What was clear to us was that he had insatiable curiosity about public policy and demonic energy to improve education in the country. Not only was he President of the Physical Society (1956-58) and a member of the governing board of the National Institution for Research in Nuclear Science (1957-60), but also President of the Modern Languages Association (1955), because he believed in the European dimension of education and he had found the time to be an active chairman of the Ministry of Education's Standing Committee on the sup-ply of schoolteachers (1959-62).

Until his ninth decade Mott gave the impression to his friends that while he always had time for them he never wasted a minute in the pursuit of anything that was less than worthwhile and serious. The last time I saw him he was still exuding energy and discussing the reaction to his latest interest, a synthesis of the philosophy of science and religion, explained in his book Can Scientists Believe? (published in 1991).

Autobiographies by scientists are rare and even rarer is an autobiography which can be read by lay people with great interest. Mott's A Life In Science, published in 1986 when he was 81 years of age, is remarkably interesting. It should be read by anyone who is interested in British physics and European science in this century.

Tam Dalyell

Almost as remarkable as the range of Nevill Mott's researches was his style of working, writes Volker Heine. Right until the end, one might find him in a laboratory, learning from a young experimentalist the latest data and developing a theoretical understanding of them. For this he was always loved and respected.

Solids, metals, alloys, insulators, semi-conductors, are very complex in the phenomena they show and the different processes going on simultaneously. There are electrons bonding the atoms together and carrying electrical current (or not, in insulators) and perhaps magnetism, atomic vibrations activated by the temperature, structural defects such as dislocations, and always impurities or additives which may be beneficial as in alloys or transistors but which more often confuse what one is studying. All these interact with one another in many ways, and Mott had an almost unique gift for going into such a complex situation, finding intuitively the dominant features and stitching them together into a coherent theory.

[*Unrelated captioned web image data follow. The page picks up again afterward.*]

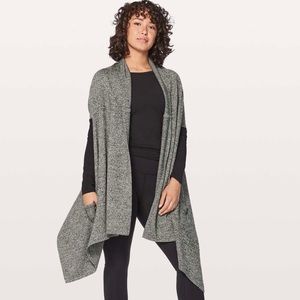 Lululemon Live Freely Wrap
Black / Angel Wing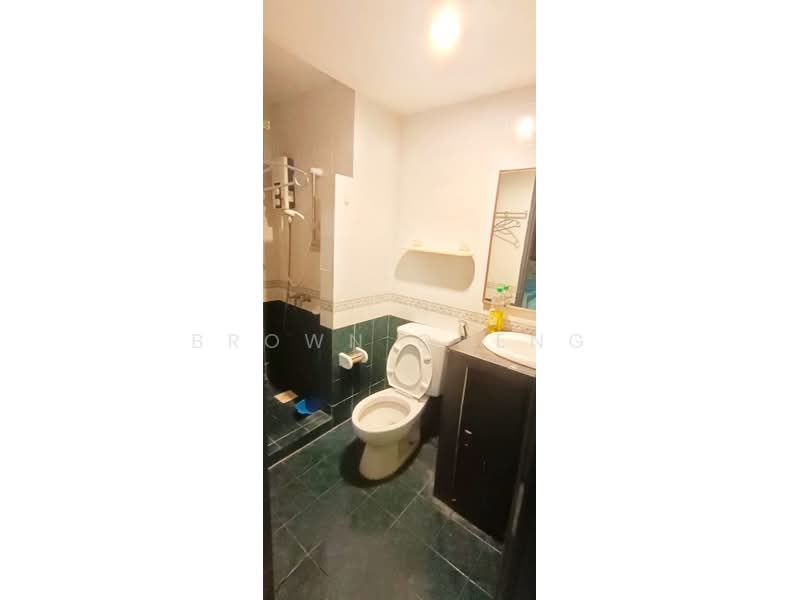 Pangsapuri untuk Disewa di Aster Court - Brown Cheng - Bathroom - PropertyGuru.com.my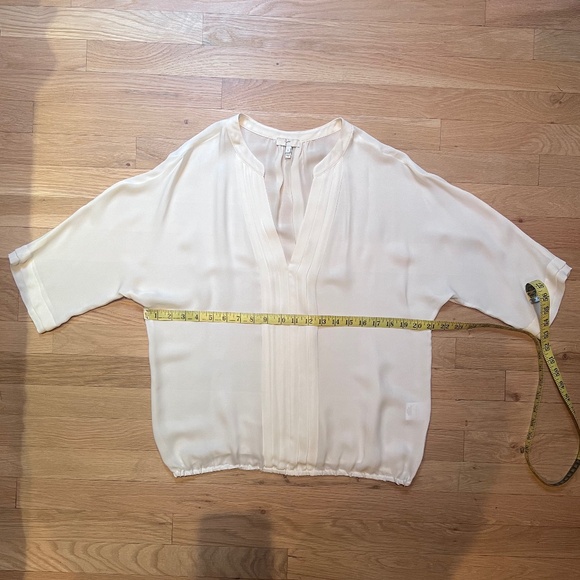 Joie Drapey Silk Raglan-Sleeved Blouse Size L - Picture 6 of 10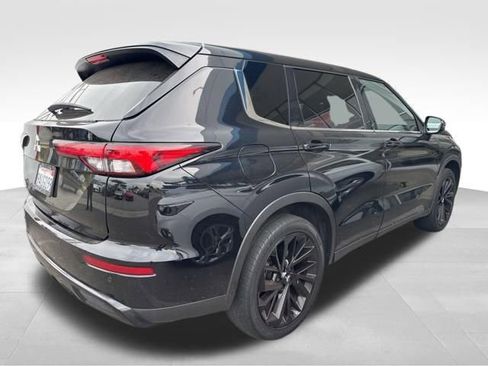 Used 2022 Mitsubishi Outlander SE image 3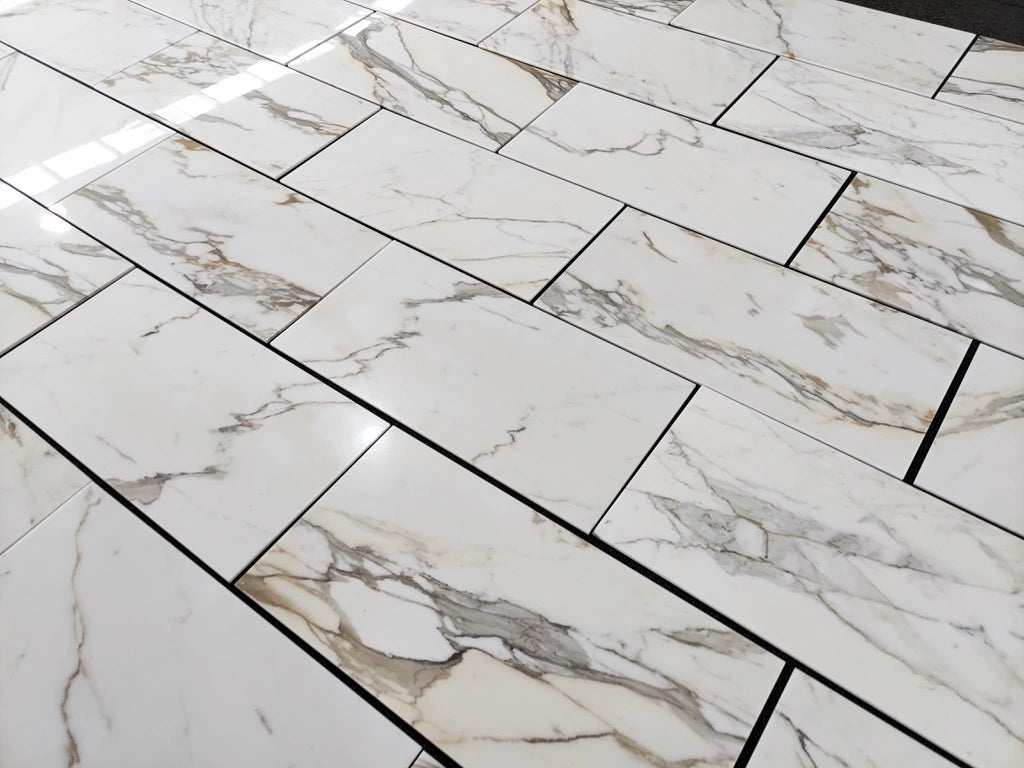 Premium Calacatta Gold Marble Tile 18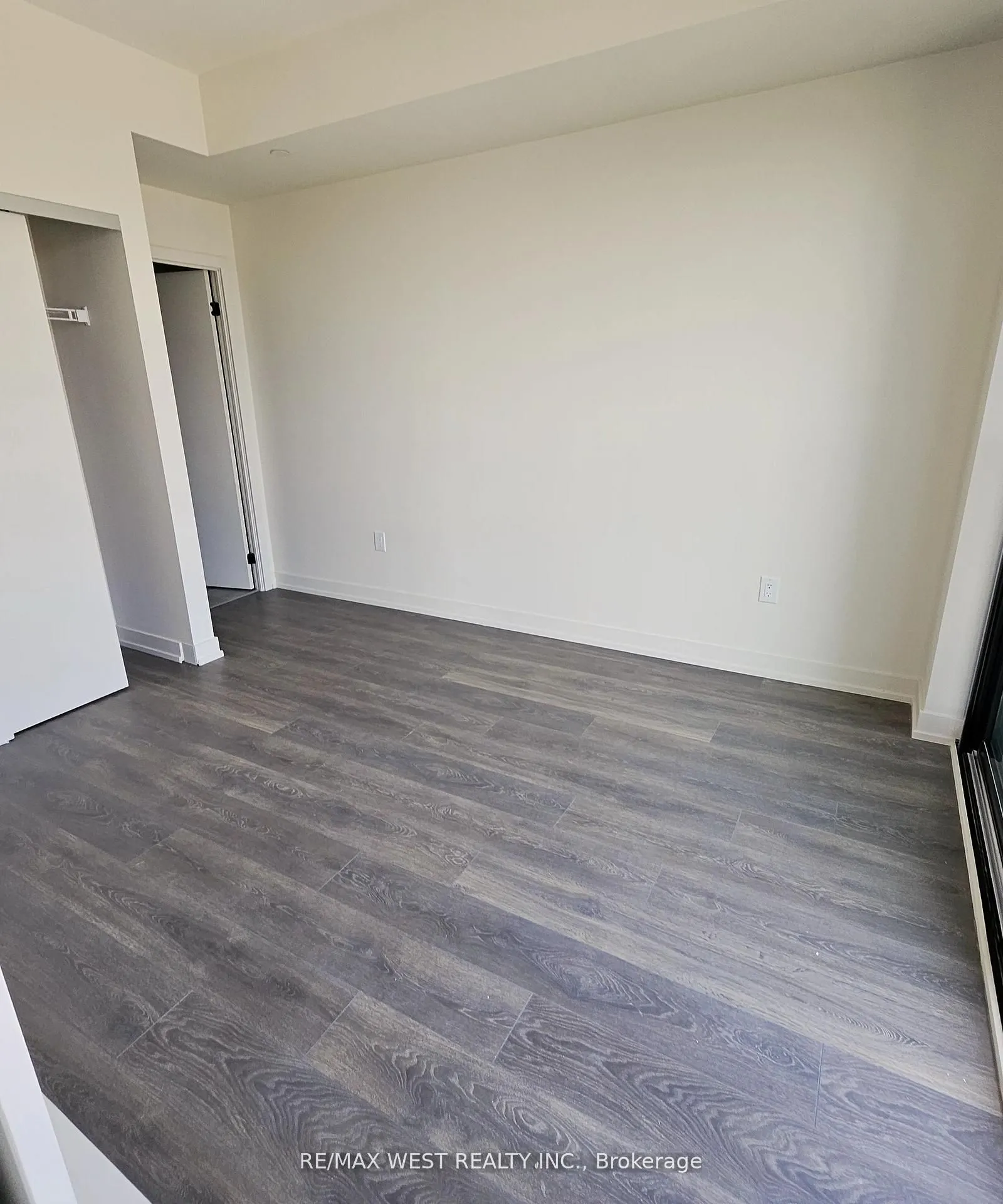 181 Sterling Road, #1012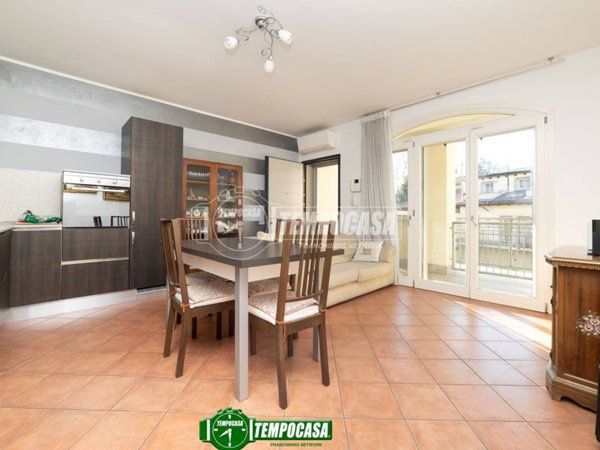 appartamento in vendita a Bellinzago Lombardo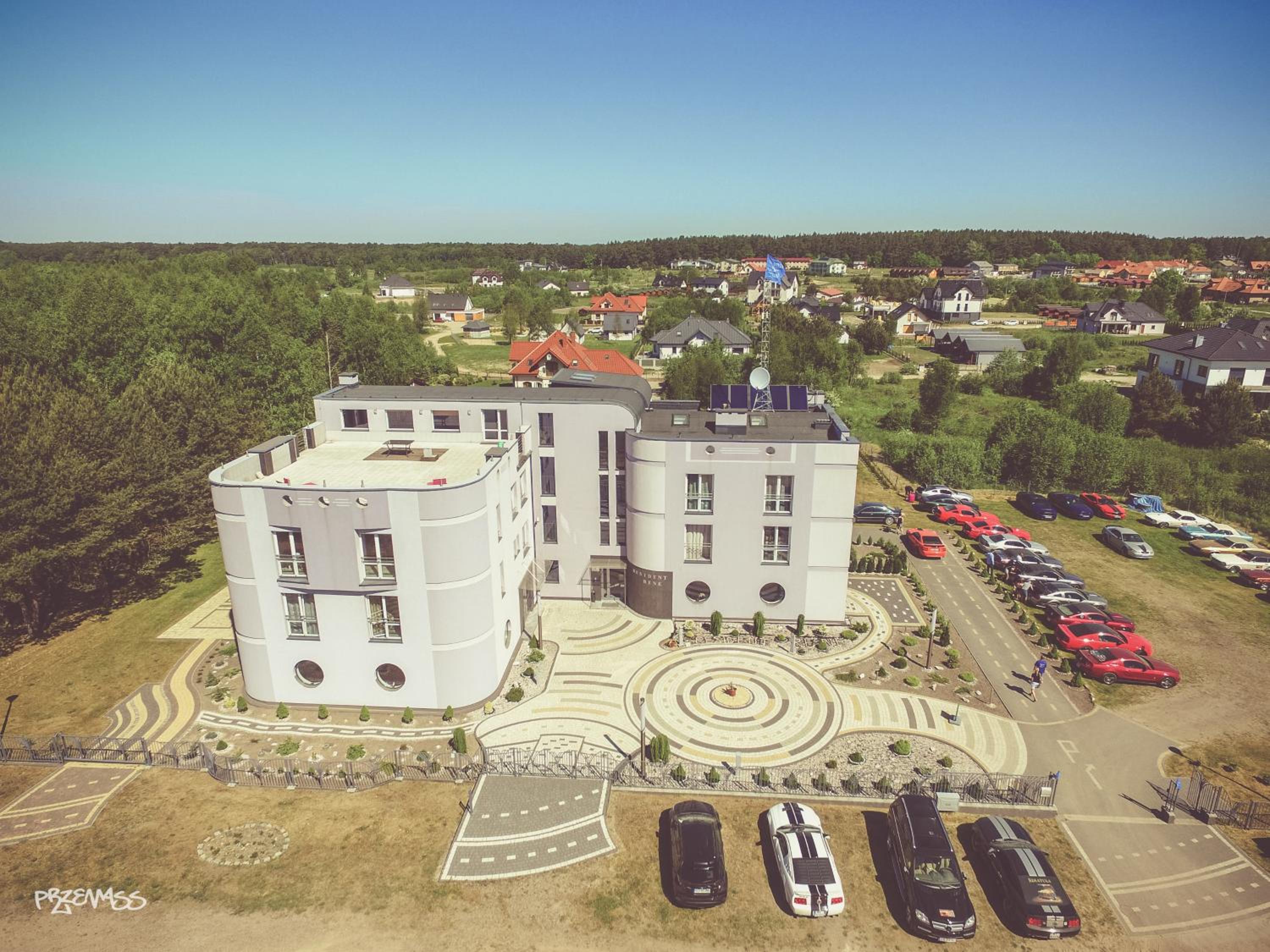 Resident Rene USTKA, photo 111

In this he really opened up the subject of solid state physics world- wide from about 1932, though in most countries and most universities, it remained deeply unfashionable until after the Second World War and the invention of the transistor, or much much later in some cases. He would approach a new puzzling phenomenon by holding up to it all the pieces of physics he had ever thought deeply about, noting similarities and differences, and finally concluding: well, the explanation must be such and such. Theoreticians with a more formal mathematical approach could find discussion with Mott very frustrating!

His style was already evident in his book with H. Jones in 1935, The Theory of Properties of the Metals and Alloys. More than any other work world-wide, it applied the newly developed quantum theory to the complex phenomena in solids. The crystal structures of the elements, soft X-ray emission, alloy phase diagrams, electrical and thermal conductivity, optical properties, thermoelectric power, molten metals and other topics were included. These were dealt with in a mixture of of rigorous theory supplemented by intuitive leaps where there were still huge gaps in the infant theory of solids.

Traditionally theoretical physics in Britain had developed as an offshoot of mathematics, so that it was a most unusual appointment when in 1933 he went to a chair of Theoretical Physics in Bristol in a department that was wholly or predominantly devoted to experimental research (which he headed after 1948). But he was that sort of theoretician. He gathered round him in Bristol a galaxy of collaborators whom he inspired and with whom he interacted closely, including R.W. Gurney, C. Frank, J. Mitchell, J. Friedel, N. Cabrera, and F. Nabarro.

When in 1954 he moved to Cambridge as Cavendish Professor, the leading position in Physics in Britain, as well as building up the whole department he started a group on the theoretical physics of solids (or condensed matter as it is now called). This has poured forth a stream of distinguished scientists and continues his tradition of close involvement with experiment and interpretation of the observed phenomena.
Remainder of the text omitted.